[Scraped caption text data]
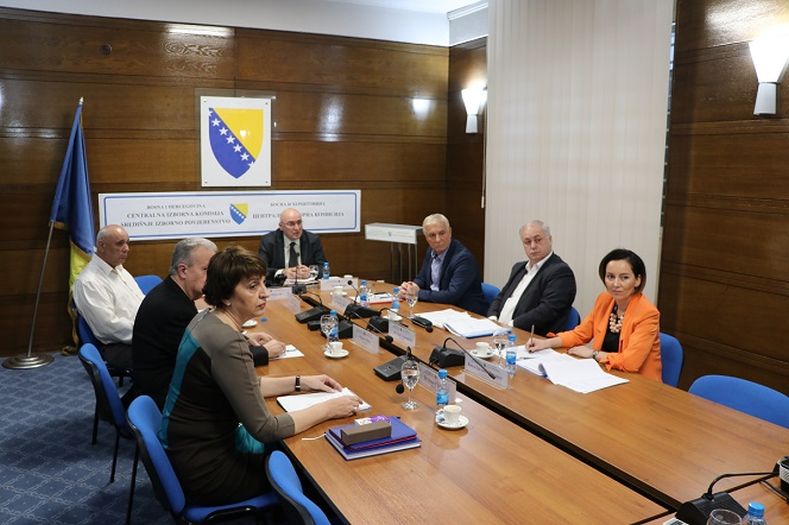 CIK kaznio stranke i kandidate: SNSD, SDA, Stevandić...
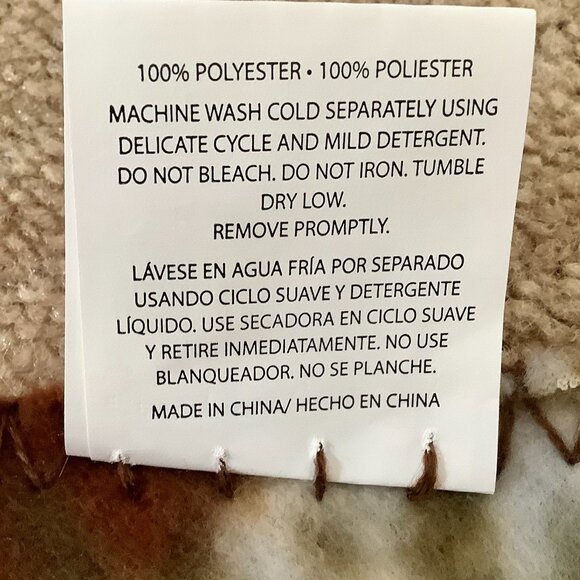 BullDog Theme Gardner Lap Coverlet 60" x 50" Brown Tones NWOT - Picture 8 of 8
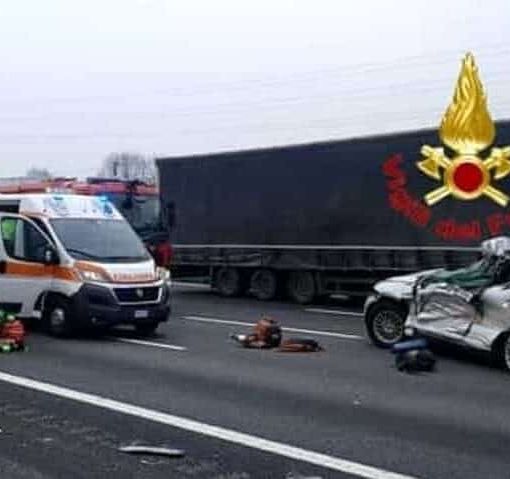 Maxi incidente in Tangeziale Ovest, 13 feriti, molti 20enni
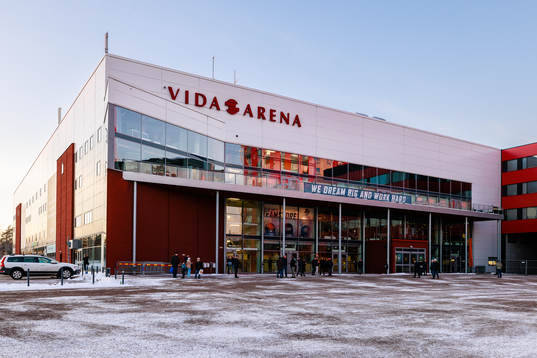 Exteriör vy av Vida arena före ishockeymatchen i SHL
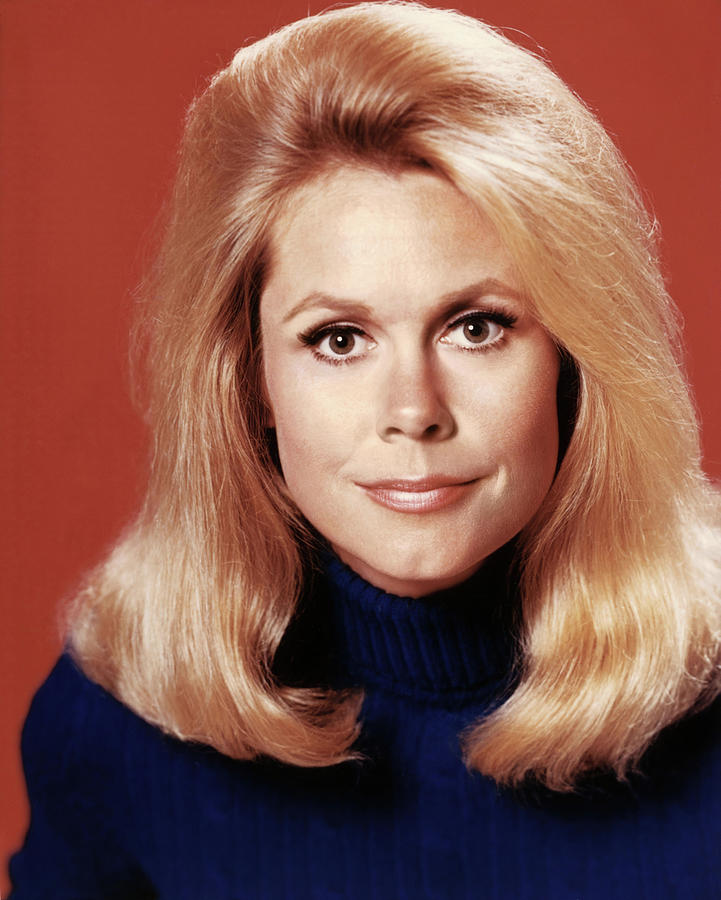 ELIZABETH MONTGOMERY in BEWITCHED -1964-. #4 Photograph by Album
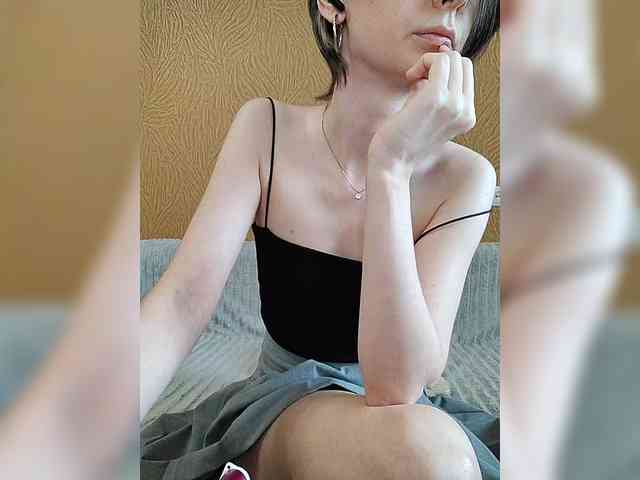 -Christina- webcam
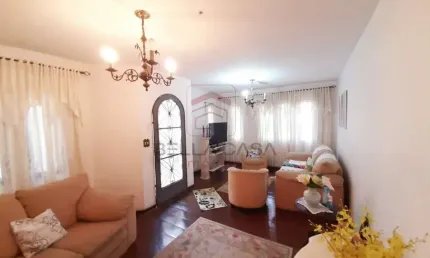 Casa com 3 quartos para alugar na Rua Comendador Alfaia, 51, Mooca, São Paulo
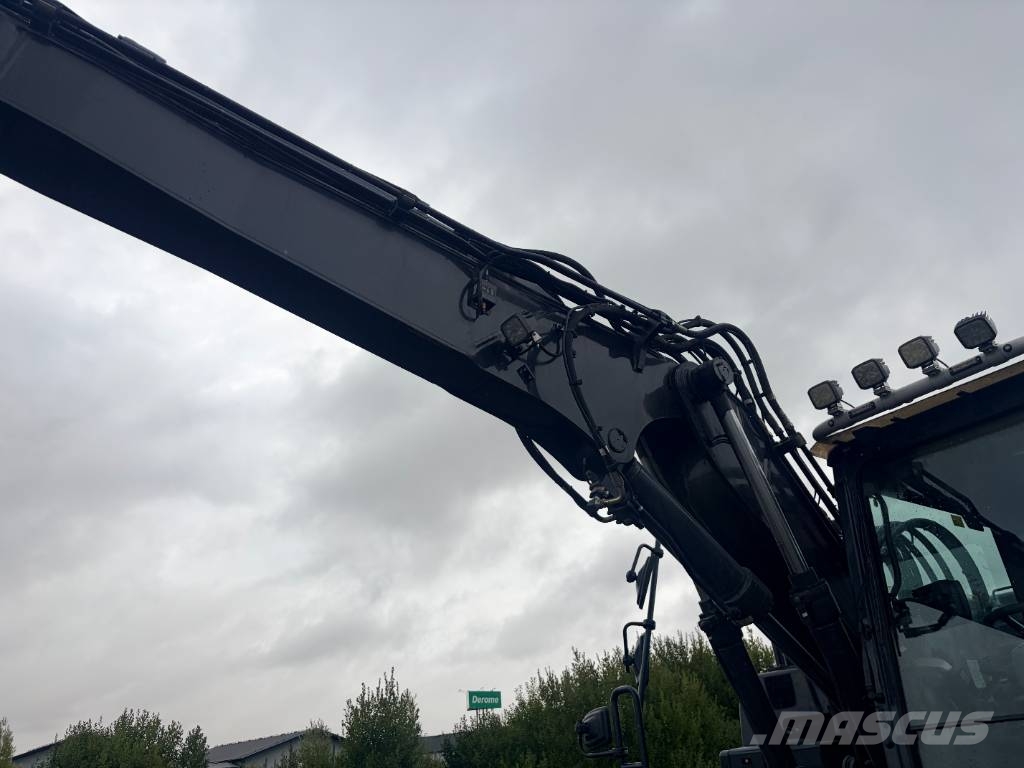 Hyundai HW 140 Excavadoras de ruedas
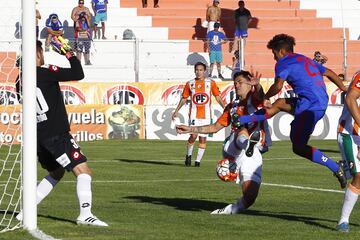 Debutó el 2016 y alcanzó a jugador dos partidos por la U. Anotó un gol.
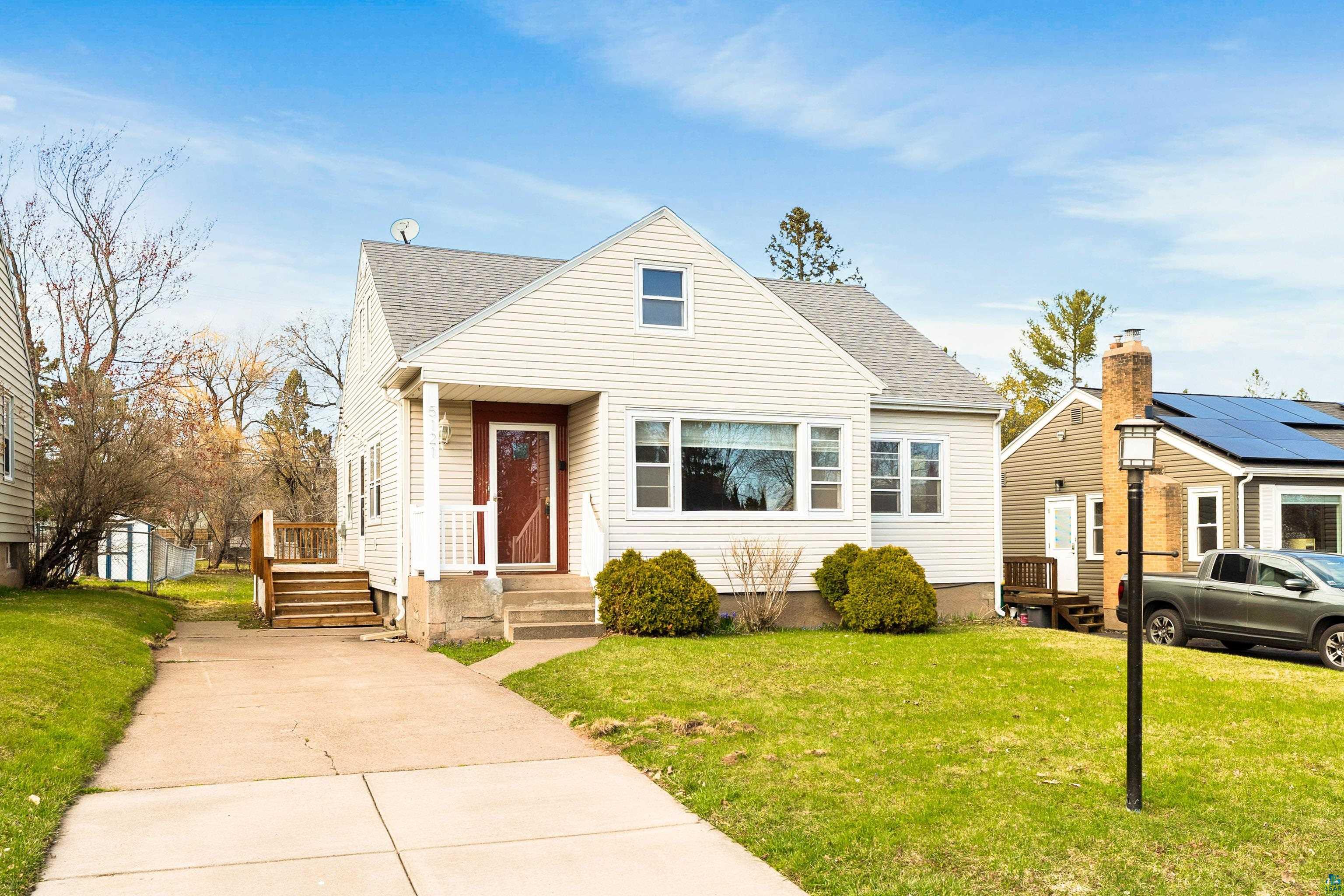 5121 Glenwood St, Duluth, MN 55804 Listing Photo  2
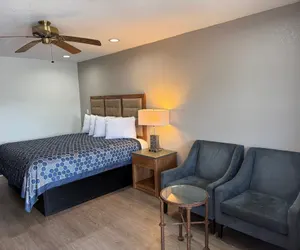 Photo 3 - WESTERN INN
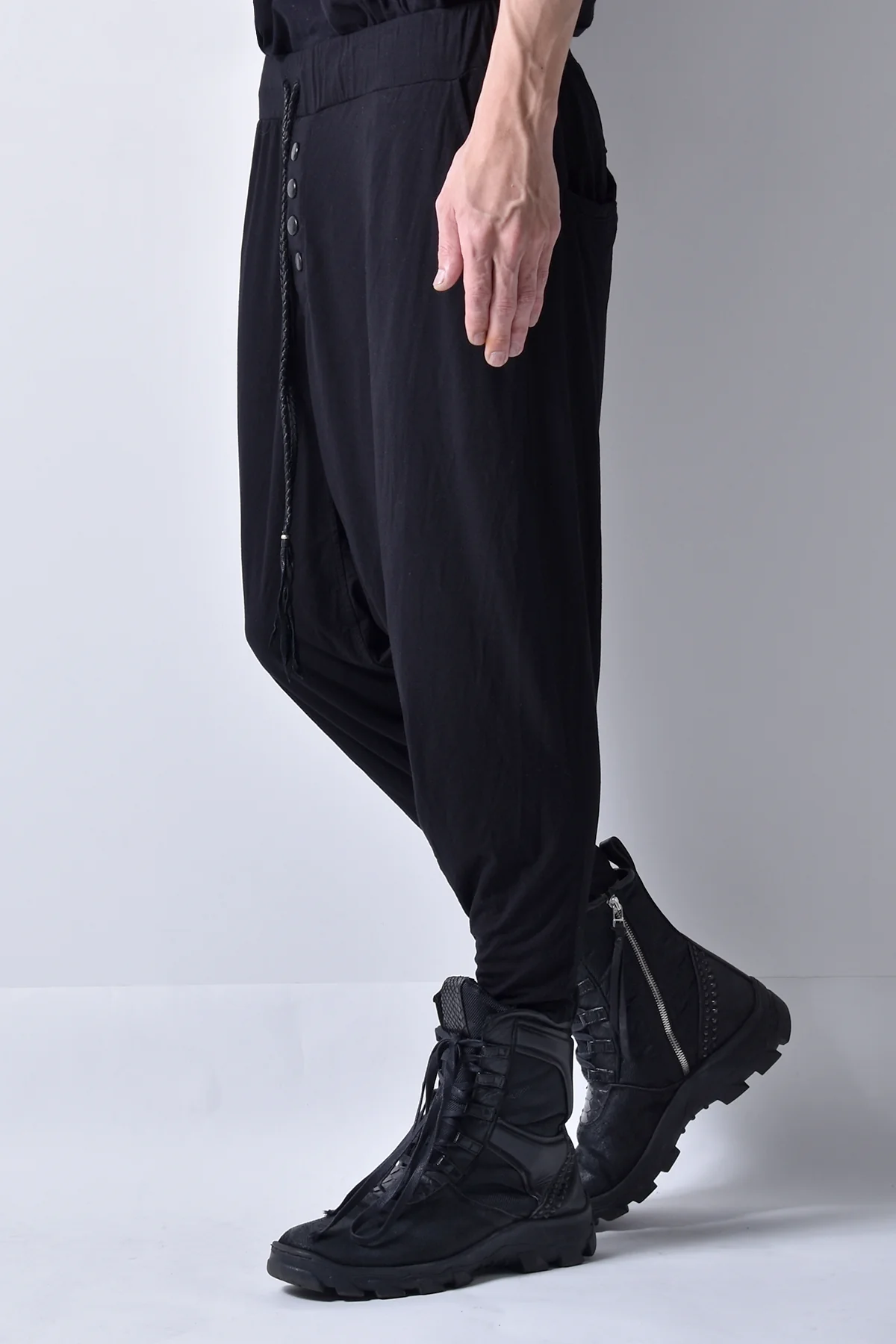 2101-PT04A Viscose Triangle Pants 02 - Image 3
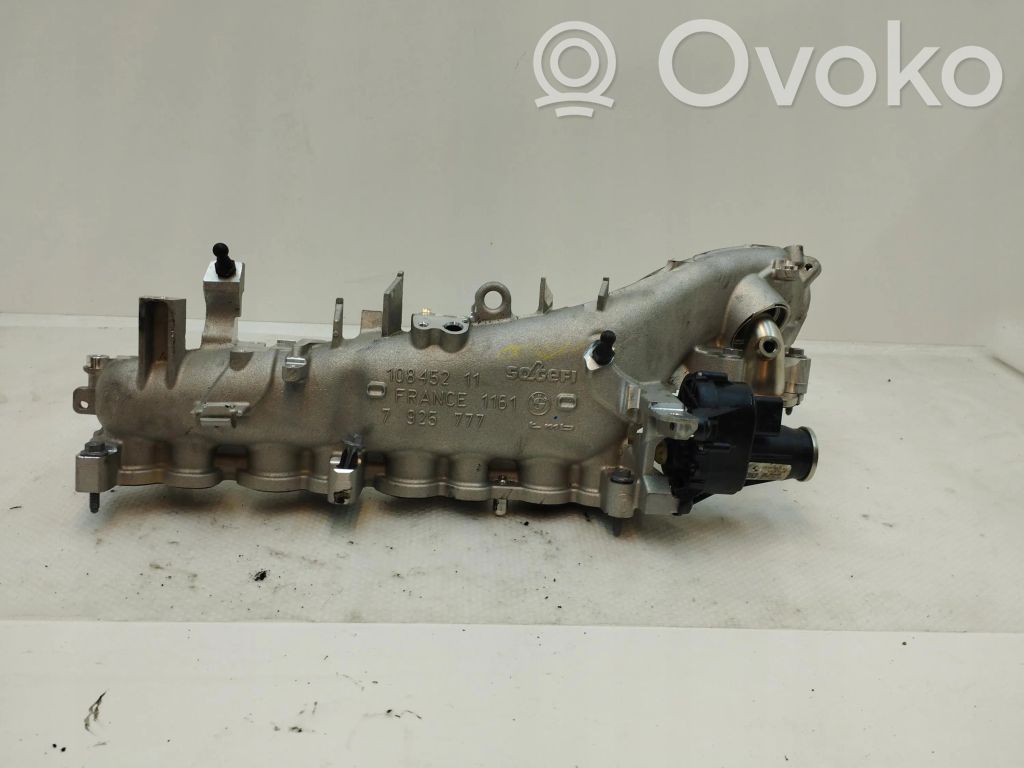 BMW 5 G30 G31 G38 Kolektor ssący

Aim of the exercise ▸ Output each line above exactly. Skip the images.

Exercise result ▸
 CIK kaznio stranke i kandidate: SNSD, SDA, Stevandić...
 BullDog Theme Gardner Lap Coverlet 60" x 50" Brown Tones NWOT - Picture 8 of 8
 Maxi incidente in Tangeziale Ovest, 13 feriti, molti 20enni
 Exteriör vy av Vida arena före ishockeymatchen i SHL
 ELIZABETH MONTGOMERY in BEWITCHED -1964-. #4 Photograph by Album
 -Christina- webcam
 Casa com 3 quartos para alugar na Rua Comendador Alfaia, 51, Mooca, São Paulo
 Hyundai HW 140 Excavadoras de ruedas
 Debutó el 2016 y alcanzó a jugador dos partidos por la U. Anotó un gol.
 5121 Glenwood St, Duluth, MN 55804 Listing Photo  2
 Photo 3 - WESTERN INN
 2101-PT04A Viscose Triangle Pants 02 - Image 3
 BMW 5 G30 G31 G38 Kolektor ssący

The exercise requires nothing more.